I am building this next. I have already ordered all the parts on the list but what would you say the difference tone-wise was in the LM833 vs the JRC4558, other than being quieter? Same with the diodes you used vs the stock? Based on a build report from the Aion site, I am planning to socket those 2 extra diodes in question, so I can compare with and without them.


----------



## Chuck D. Bones

I personally was never that keen on the 4558.  It's just a dual 741.  The opamps don't saturate in this circuit, so there is not much, if any, sonic difference besides noise floor.  I did not compare different opamps or diodes in-circuit. My goal with the diodes was to get something in between the stock setup and Aion's four-diode hard clipper.  The soft clipping diodes I used, BA482's, have a higher Vf so the four-diode hard clipper gets hit a little harder.  If you want to explore the differences, then sockets are the way to go.  Make sure you know which diodes are which in the hard clipper, the Aion build docs are ambiguous on this.  Refer to the schematic.  If you want to have two diodes in the hard clipper, you only have to replace one of the four with a jumper.  It doesn't matter which one.  If you omit two diodes and jumper one or both, then you need to get the right pair.


----------



## Danbieranowski

If you haven't tried one yet, check out the Wonder Drive. Not a lot of drive on tap in it, but a lot of tone shaping options. It's been one of my go-tos for a while now and I've built a handful for friends. While mostly they are being used for tightening low end for heavy low-tuned stuff, I've found that they sound really good as a sort of gritty boost, and they boost into effects REALLY well, making delays and reverbs sound nice and full.


----------



## joelorigo

Chuck D. Bones said:


> I personally was never that keen on the 4558.  It's just a dual 741.  The opamps don't saturate in this circuit, so there is not much, if any, sonic difference besides noise floor.  I did not compare different opamps or diodes in-circuit. My goal with the diodes was to get something in between the stock setup and Aion's four-diode hard clipper.  The soft clipping diodes I used, BA482's, have a higher Vf so the four-diode hard clipper gets hit a little harder.  If you want to explore the differences, then sockets are the way to go.  Make sure you know which diodes are which in the hard clipper, the Aion build docs are ambiguous on this.  Refer to the schematic.  If you want to have two diodes in the hard clipper, you only have to replace one of the four with a jumper.  It doesn't matter which one.  If you omit two diodes and jumer one or both, then you need to get the right pair.


The instructions say:

_"If you don’t want to use the additional diodes, you can either run jumper wires across them..."_

Doesn't this mean installing jumpers instead of the diodes? A jumper where the diode would go for each D6 & D7?

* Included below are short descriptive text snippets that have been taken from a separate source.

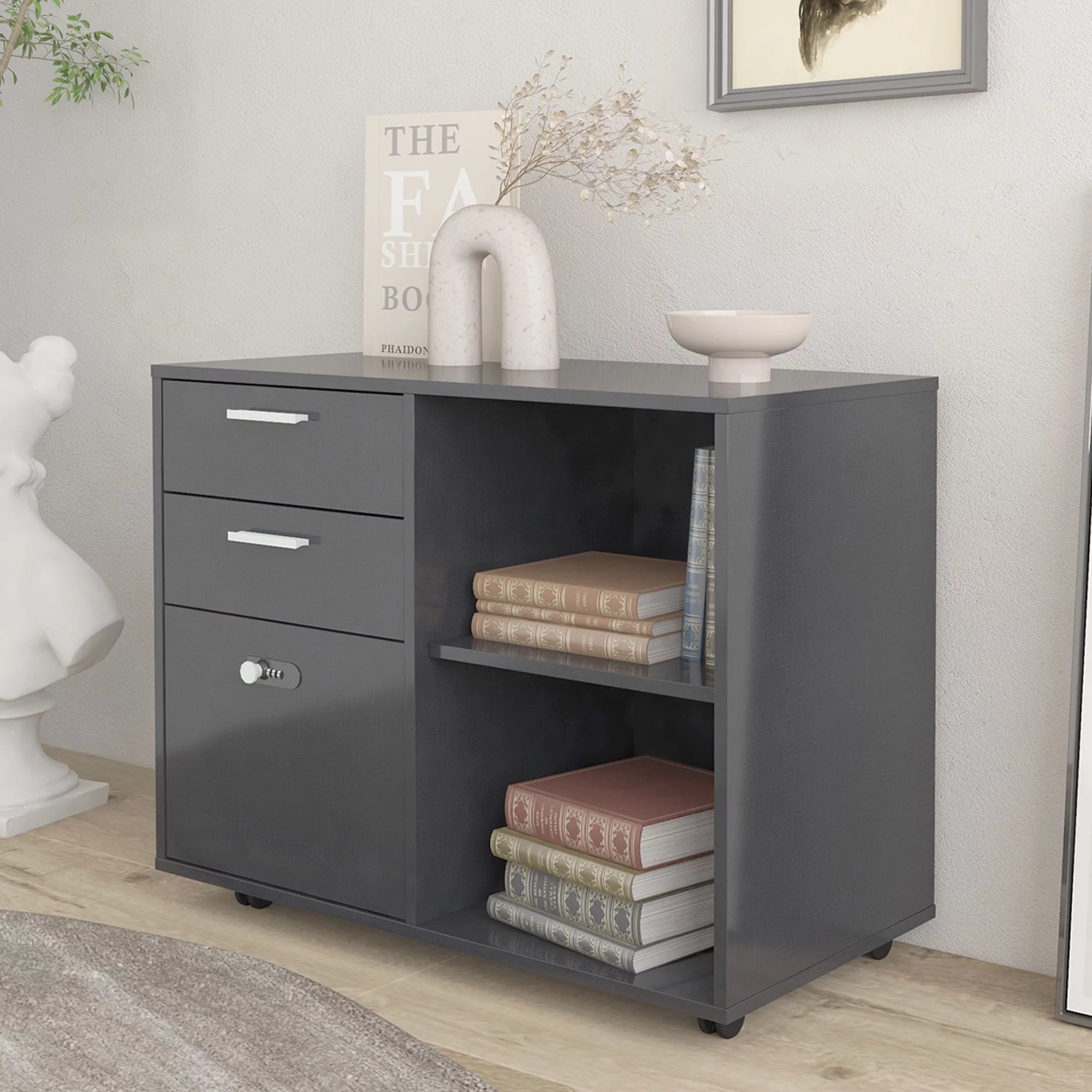 Wood File Cabinet with Coded Lock, Mobile Lateral Printer Stand U113465
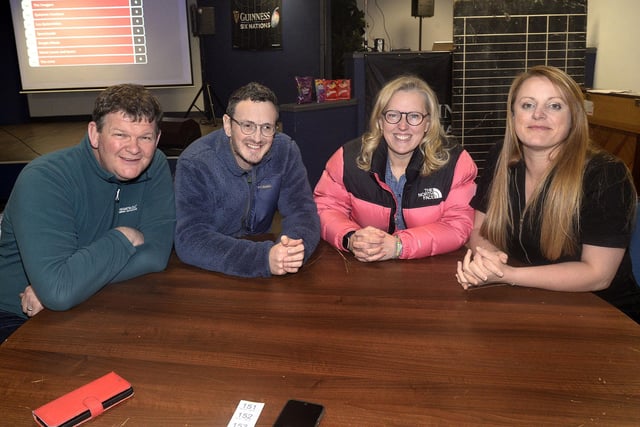 Looking confident at the Friends Of Portadown College table quiz are from left, Nigel Speers, Matthew Ball, Kate Ball and Helen Doogan. PT09-209.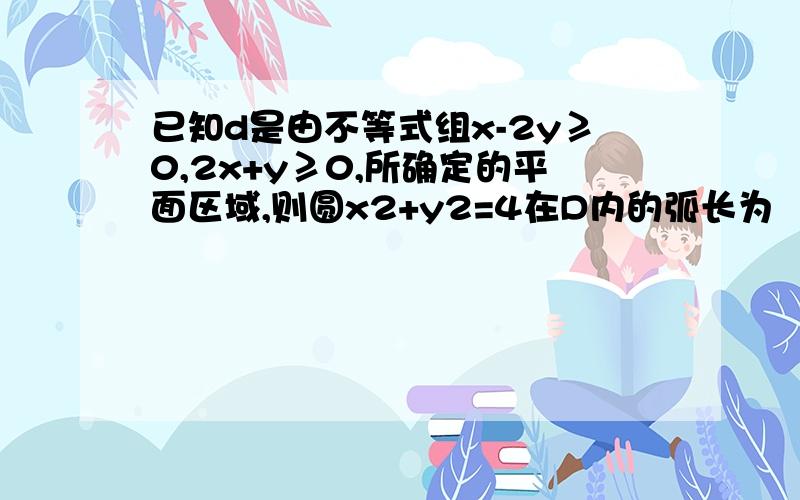 已知d是由不等式组x-2y≥0,2x+y≥0,所确定的平面区域,则圆x2+y2=4在D内的弧长为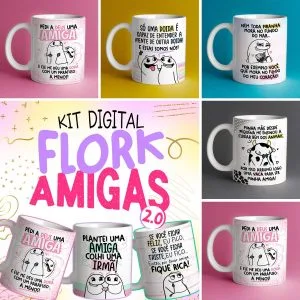 Estampas Sublimação Caneca Flork Amigas Dia do Amigo Amizade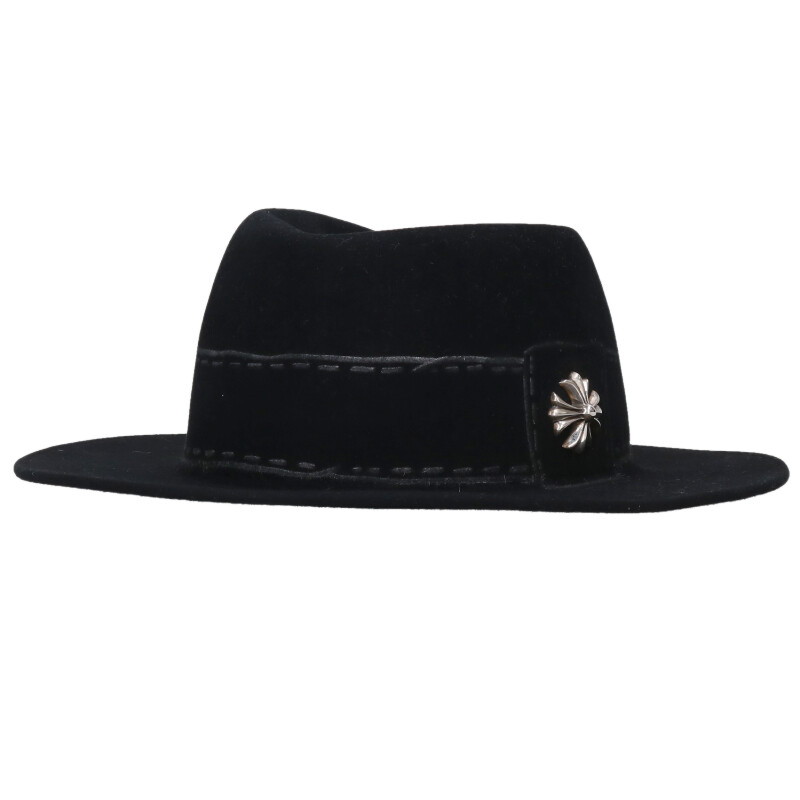 クロムハーツ Chrome Hearts サイズ:L CHプラスフェドラハット(ブラック)【100152】【GZ11】【小物】【中古】bb33#rinkan*A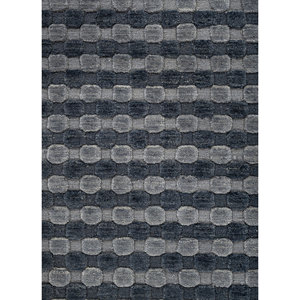Alfombra de Lana Tejida a Mano con Diseño Geométrico Clásico Azul Contorno HWL-474, Rectangular, para Sala de Estar, Decoración del Hogar y Uso en Pasillos - Product Image 3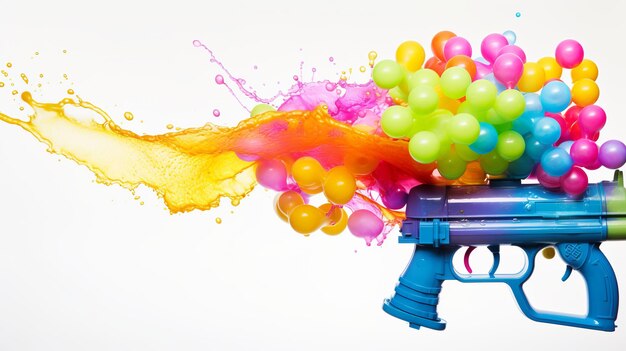 Ilustração de WATER GUN BALLOON COLOR HOLI fundo branco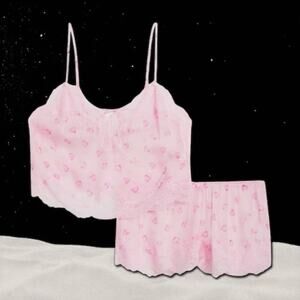 SKIMS Romance Silk Lace Camisole Shorts Pajama Set XL 14/16 Cherry Blossom Pink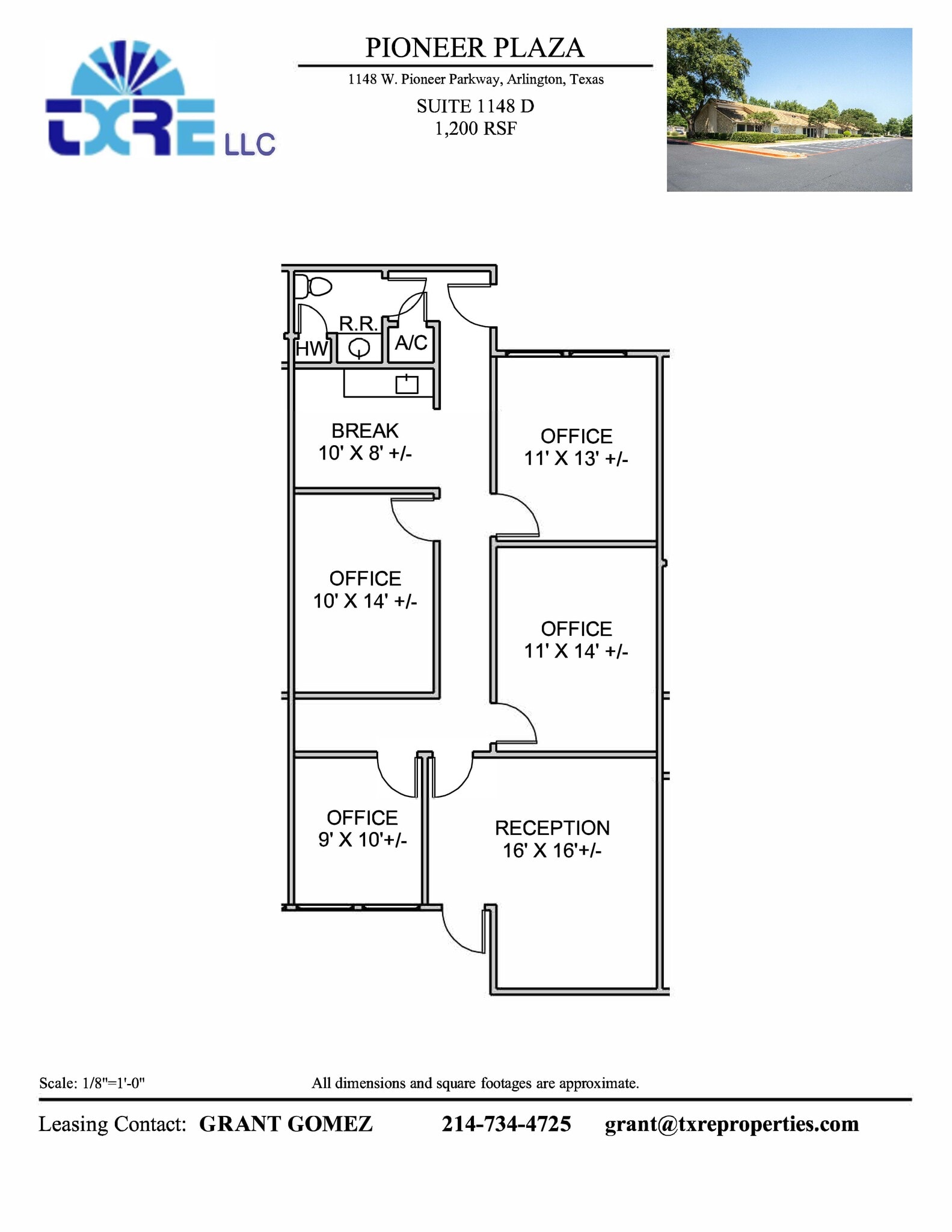 1116-1126 W Pioneer Pky, Arlington, TX à louer Plan d’étage– Image 1 sur 1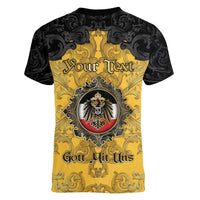 Personalized German Empire Women V-Neck T-Shirt Imperial Black Eagle With Baroque Patterns - Wonder Print Shop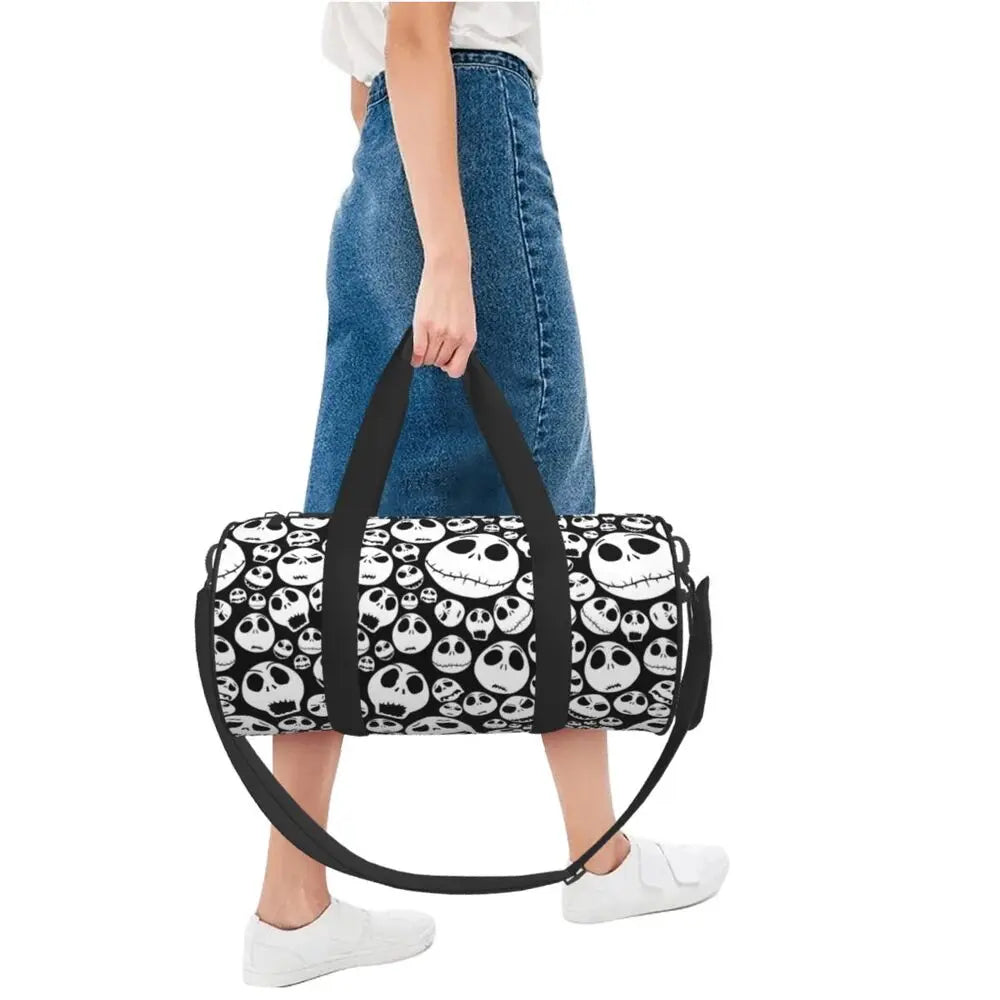 Sac fourre-tout de plage personnalisé Jack Skellington pour femmes, squelette vivant, grand compartiment, sacs de voyage pour salle de sport et plage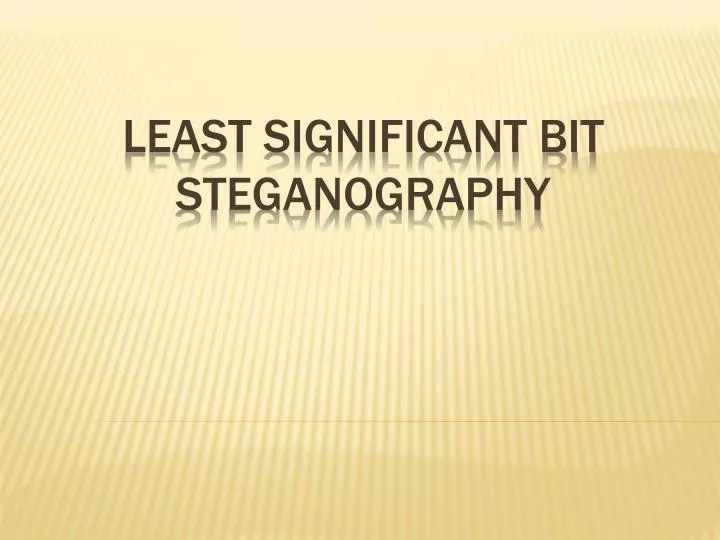 least significant bit steganography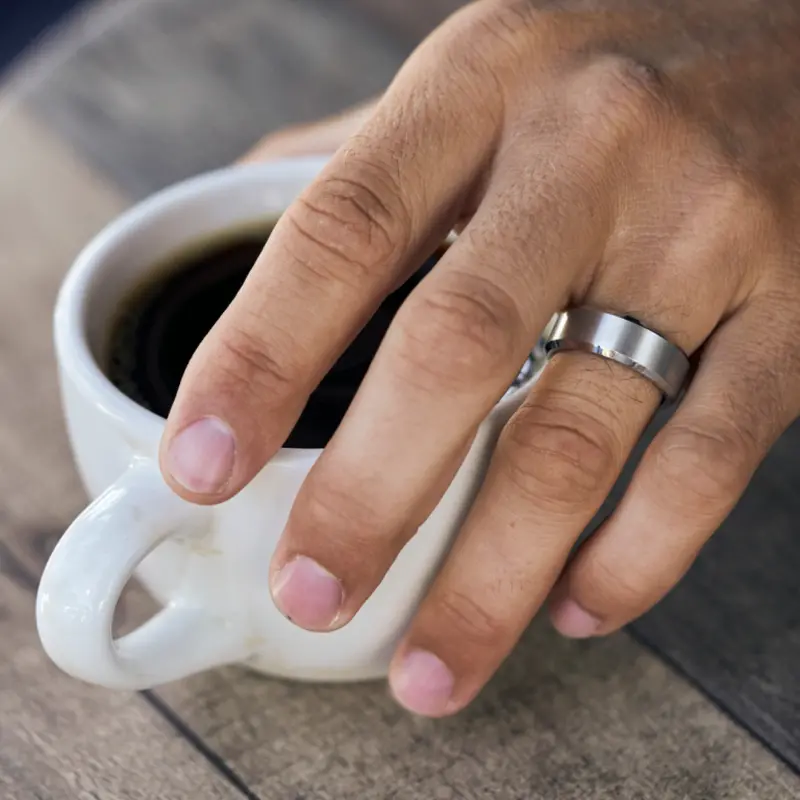 Ridge 8Mm Beveled Ring Set - Platinum 3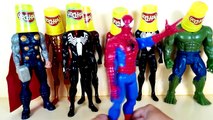 Play doh surprise superhero Hulk, Spiderman, Venom, Iron Spider, Thor, Black Spiderman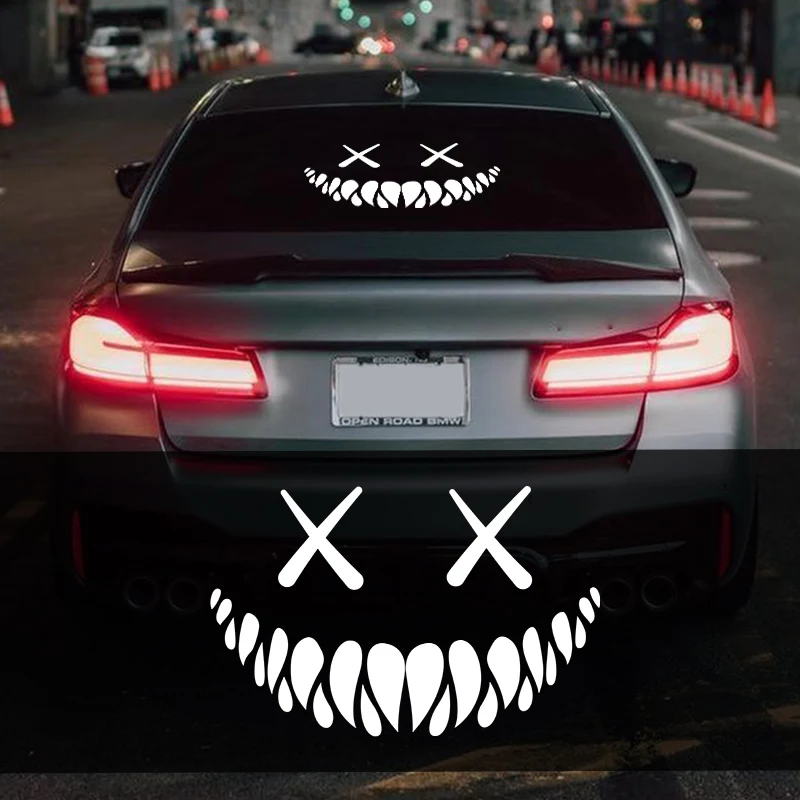 

Demon Smiling Face Car Sticker Rear Windshield Door Cover Personalized Body Decoration Sticker Window Sticker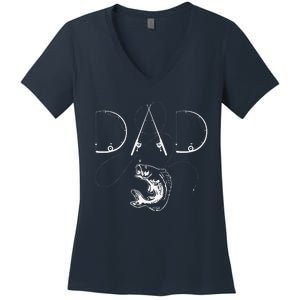 Fisherman Dad Fishing Enthusiast Fish Lover Daddy Father Women's V-Neck T-Shirt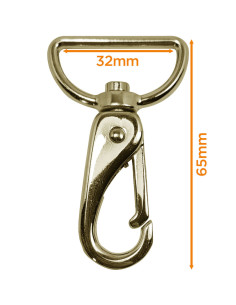Mosquetón de metal premium - Oro amarillo 65 x 32 mm 2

_or you can just bridge the two jumper pads to the immediate left of D7._

I don't know what this means


----------



## dlazzarini

Danbieranowski said:


> If you haven't tried one yet, check out the Wonder Drive. Not a lot of drive on tap in it, but a lot of tone shaping options. It's been one of my go-tos for a while now and I've built a handful for friends. While mostly they are being used for tightening low end for heavy low-tuned stuff, I've found that they sound really good as a sort of gritty boost, and they boost into effects REALLY well, making delays and reverbs sound nice and full.


I love my wonder drive. Do you have a reliable source for those opa2604’s? I lucked out on my first one and didn’t get burned but they no longer have then in stock. Lots of fakes from china


----------



## Chas Grant

That’s a real beauty! I built an Aion ODR-1 a while back for my daughter. It’s a great little overdrive. I went with the 4558, is the LM833 noticeably quieter? If so I may have to give it a try. After building this pedal I had to bribe her with a new Strat so I could get my Tele back!???


----------



## Danbieranowski

dlazzarini said:


> I love my wonder drive. Do you have a reliable source for those opa2604’s? I lucked out on my first one and didn’t get burned but they no longer have then in stock. Lots of fakes from china



They are pricey, but you can still get them through Small Bear. Otherwise, you're dealing with sorting through potential fakes or repurposed used ones that people sell as new. The picture on the Small Bear site is for an opa2134, but the ones that arrive will be 2604. I've also built them with 2134s and TL072s, and I don't recall the difference being noticeable sonically. 









						IC OPA2604AP
					

Small Bear Electronics DIY Parts




					smallbear-electronics.mybigcommerce.com


----------



## dlazzarini

Danbieranowski said:


> They are pricey, but you can still get them through Small Bear. Otherwise, you're dealing with sorting through potential fakes or repurposed used ones that people sell as new. The picture on the Small Bear site is for an opa2134, but the ones that arrive will be 2604. I've also built them with 2134s and TL072s, and I don't recall the difference being noticeable sonically.
> 
> 
> 
> 
> 
> 
> 
> 
> 
> IC OPA2604AP
> 
> 
> Small Bear Electronics DIY Parts
> 
> 
> 
> 
> smallbear-electronics.mybigcommerce.com


Thanks for the info


----------



## Flying

This makes an interesting read: https://nordland-electronics.de/en/blog/odr-1.html


----------



## dlazzarini

Flying said:


> This makes an interesting read: https://nordland-electronics.de/en/blog/odr-1.html


Thanks. I’ll check it out when I get home later


----------



## Flying

I'm just looking at the ODR1 Plus schematic, in particular the boost bit, but not understanding how the boost works, can anyone enlighten me?


----------



## Chuck D. Bones

I'll keep this as simple as possible.  The gain of the 1st stage is determined by the impedance of everything between pins 2 & 3, which we'll call Zf, and the impedance of everything between pin 3 & ground, which we'll call Zg.

The gain, G is given by:

G = 1+ Zf / Zg

Notice this if Zg gets smaller, the gain gets larger.  The Boost switch puts R15 & C15 in parallel with R12, R13, C12 & C13.  Engaging the Boost switch makes Zg roughly 3x smaller, which will make the gain approx 3x larger.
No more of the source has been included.